3 – As classificações atuais dos transtornos mentais- especialmente o DSM- confundem a discussão, fazendo com que apareça ao mesmo nível diagnóstico os sintomas da infância como a gagueira ou a enurese, os « transtornos » referentes a uma normalidade social (tais quais « transtornos oposicionais com provocação »ou os « transtornos de conduta ») e o autismo («transtorno autístico »). O austismo e suas diversas formas se encontra assim isolado como se fosse o único verdadeiro quadro clínico da categoria « Transtorno invasivo do desenvolvimento ». Os debates atuais sobre a continuidade do « espectro autista », sobre a oportunidade de mantê-lo na mesma série dos TED os ditos « Asperger », mostra como esta categoria é instável. Ao interior desse « espectro », deve-se examinar detalhadamente os fenômenos de invasão do corpo e situar as manifestações estranhas e inquietantes pelas quais ele é tomado. 
Os psicanalistas e nomerosos profissionais de orientação lacaniana acompanham assim inúmeras crianças e adolescentes nesta elaboração que os permite de guardar ou de achar um lugar no laço social e familiar. Os pais podem assim se autorizar a falar de certos traços de seu filho e de valorizá-lo apesar de seu jeito estranho.  Este trabalho é necessariamente longo, pois supõe trabalhar com uma diferença da criança que vem ao encontro das expectativas e dos desejos que entornam a sua presença no mundo. O psicanalista ao invés de recolher este sofrimento deve estar atento ao sofrimento dos pais e apoiá-los na dificuldade deles.

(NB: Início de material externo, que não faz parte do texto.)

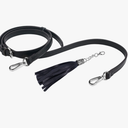 Full Grain Purse Strap Genuine Leather Replacement for Cross Body Bag Handbags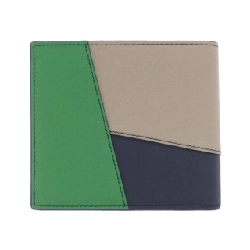 【Sản phẩm mới】Ví gập PUZZLE EDGE BIFOLD WALLET C510302X17 621863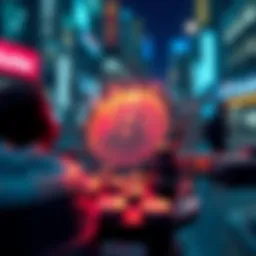 Cryptovoxels 탐구: 블록체인 기반 가상 세계의 진화 Introduction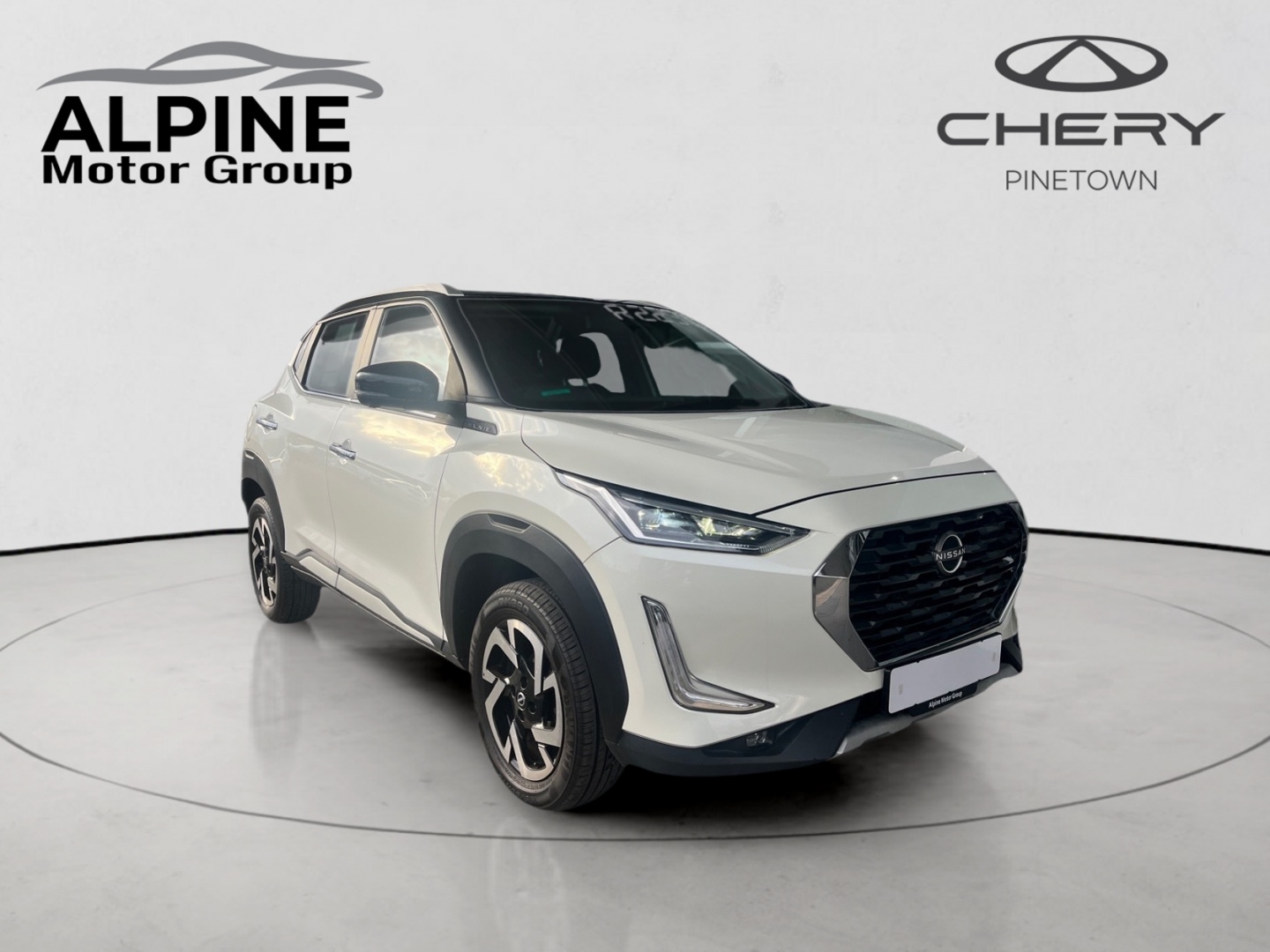 2021 Nissan Magnite  for sale - 326418/1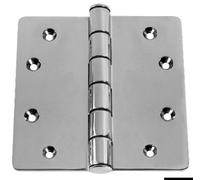Osculati 38.921.01 Mega Cerniera Microfusa 38X38x102 Mm cerniere in microfusione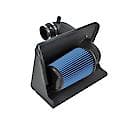 Magnum FORCE Cold Air Intake: Gain up to 13% More Airflow With Oiled Air Filter For Maximum Airflow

4 – Múltiplas hipóteses etiológicas – genética, vacina, neurocognitiva, etc.- apresentadas como verdades científicas seguidas muitas vezes de um único artigo publicado em uma revista, que ouviremos falar alguns meses ou anos mais tarde de caráter duvidoso, circulam nas diversas mídeas e assustam as famílias. Essas hipóteses causais vêm responder estritamente à redução do autismo a uma desordem do desenvolvimento, apresentada como uma doença genética e epidêmica. Elas se confortam da lei de 2005 sobre as deficiências que não visam de forma alguma dar uma sentença do tipo « É um deficiente então isso não é uma doença », mas permitem uma orientação adaptada para a criança e ajuda à família. Tem-se muito a fazer ainda sobre este ponto e as associações de pais são uma força indispensável e inevitável para avançar os projetos adaptados, em particular para as crianças pequenas,  para os grandes adolescentes e jovens adultos.  Neste sentido anunciar o autismo como uma grande causa nacional só poderia ser benéfico a todos que são mobilizados nos tratamentos dirigidos às crianças e adolescentes autistas. 

5 – Os psicanalistas seguem todos os debates científicos em torno das causas do autismo infantil. Quais que sejam as causas elas não podem reduzir o sujeito a uma mecânica. Eles levam em conta o sofrimento que estes sujeitos encontram e promovem instituções e práticas que garantem que a criança e sua família serão respeitadas no momento subjetivo de cada um. Eles facilitam, sempre que possível, a inserção da criança nos laços sociais que não os fazem mal. Eles não são detentores de uma verdade « psicológica » sobre o autismo, eles não são promotores de um « método educativo » particular. Eles são portadores de uma mensagem clara para o sujeito autista e para os pais, e para todos aqueles que em instituição ou em acolhimento singular tomam partido e apostam em acompanhá-los- os psicanalistas pensam assim : é possível construir um outro mundo que aquele da defesa e da proteção onde a criança autista é fechada.  É possível construir uma nova aliança do sujeito e de seu corpo. O esforço de todos visa a demonstrar  clinicamente esta possibilidade.

A Comissão de Iniciativa do Instituto psicanalítico da Criança
Mme Judith Miller (Paris) - Dr Jean-Robert Rabanel (Clermont-Ferrand)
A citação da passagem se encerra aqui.